Epstein managed to create a flexible light plot, he says, “based around some of the larger and unchanging themes and ideas of the play. One constant was that the play is set inside the actual theatre at Trinity Rep. These people had walked into an abandoned theatre full of theatrical lighting instruments already in the air. Another constant was that, unfortunately for the characters, although they had a room full of lights, they are in a world without power. So, we created a very simple plot that could theoretically be run by some sort of power generator.”

Characters brought lamps and practicals they might have gathered from their previous hiding spots for a sense of home. “Given their level of fear of what happens in the dark, they gathered worklights and bare-bulbs to make sure that the room was well lit,” adds Epstein. “Within this structure, we had the flexibility to shift the scenes to accommodate whatever script changes might arise.” 

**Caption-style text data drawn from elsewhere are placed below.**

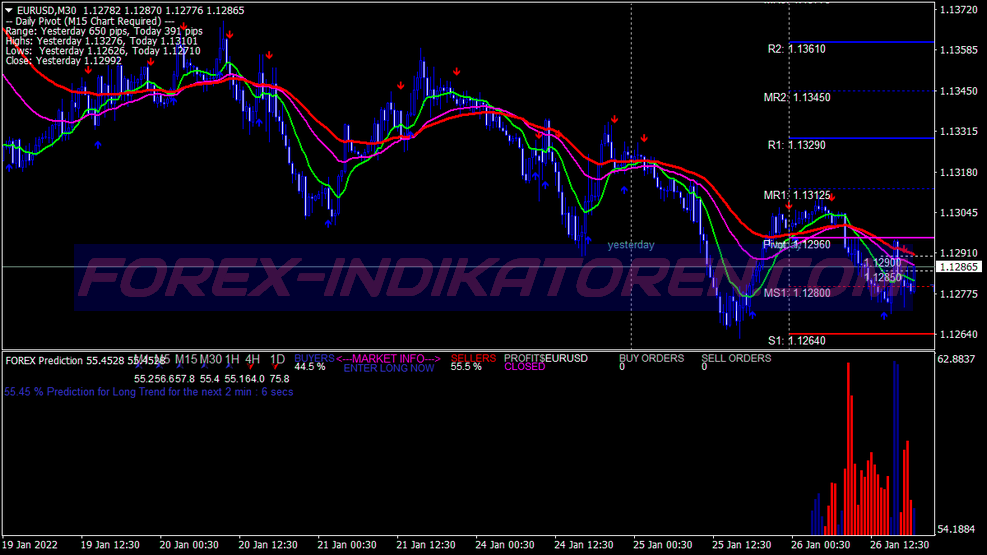 Top Prediction Scalping Trading System für MT4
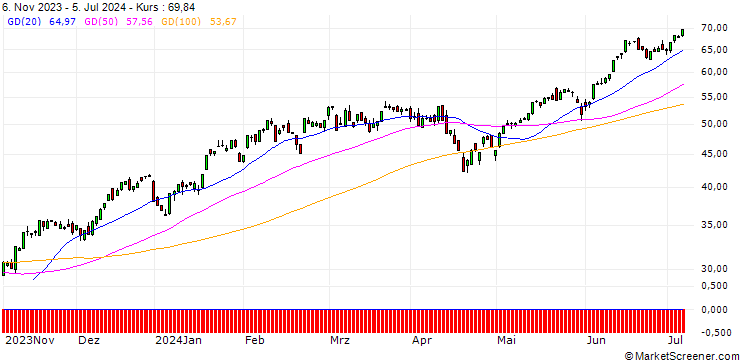 Chart BNP/CALL/NASDAQ 100/13150/0.01/20.12.24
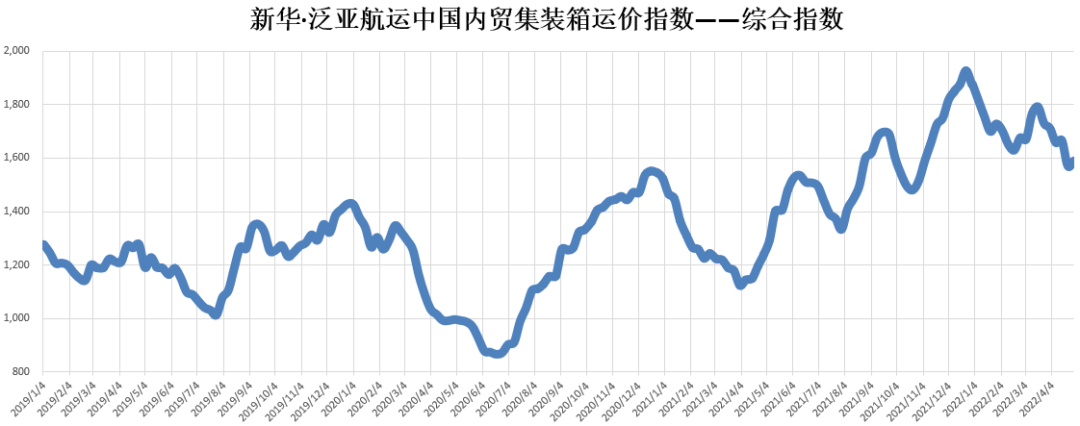 各區(qū)域集疏運體系有序恢復，內(nèi)貿(mào)集裝箱運價指數(shù)環(huán)比上漲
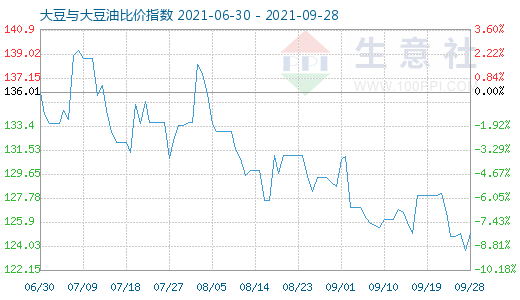 9月28日大豆与大豆油比价指数图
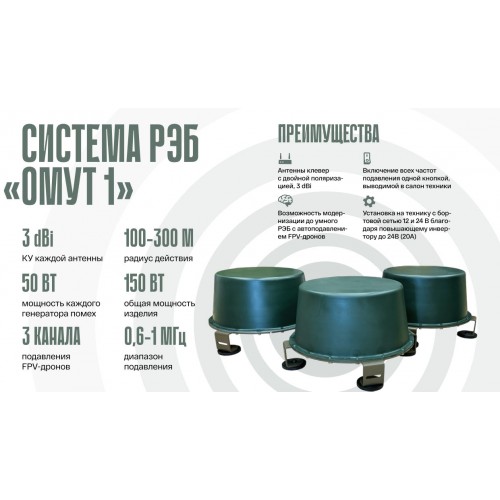Система РЭБ «ОМУТ-1» в Липецке подавитель FPV-дронoв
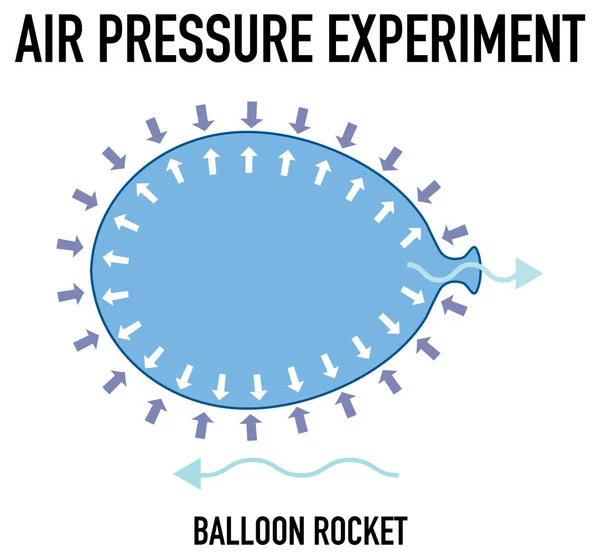 Luchtdruk Experiment Met Ballon Raket Illustratie — Stockvector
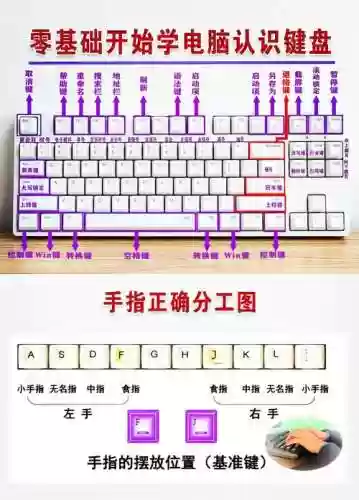 小键盘录入技能，小键盘录入技能怎么设置插图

Epstein and Hurowitz got new pages at the end of rehearsal breaks during techs. “We would literally shout back and forth between tech tables as we would prepare a whole new idea to try in five minutes. If one of us had a stronger feeling about something, the other would follow his lead as we put together a sequence,” Epstein recalls. “Sometimes I found myself responding as much to a sound or video choice made by Peter as I was responding to the new text. It was fantastic to work that way—designing together and in realtime—and it was so truly and deeply collaborative that it was hard to tell where one person’s idea started and another person’s ended.”

Hurowitz says song selections changed as the show went through rewrites, and each ending required a different tone. Finally, he ended with a lighter sound, “to bring it back to the earlier tone of the show” after a disturbing soundscape that included TV static and the generator clicking off as the lights went to black.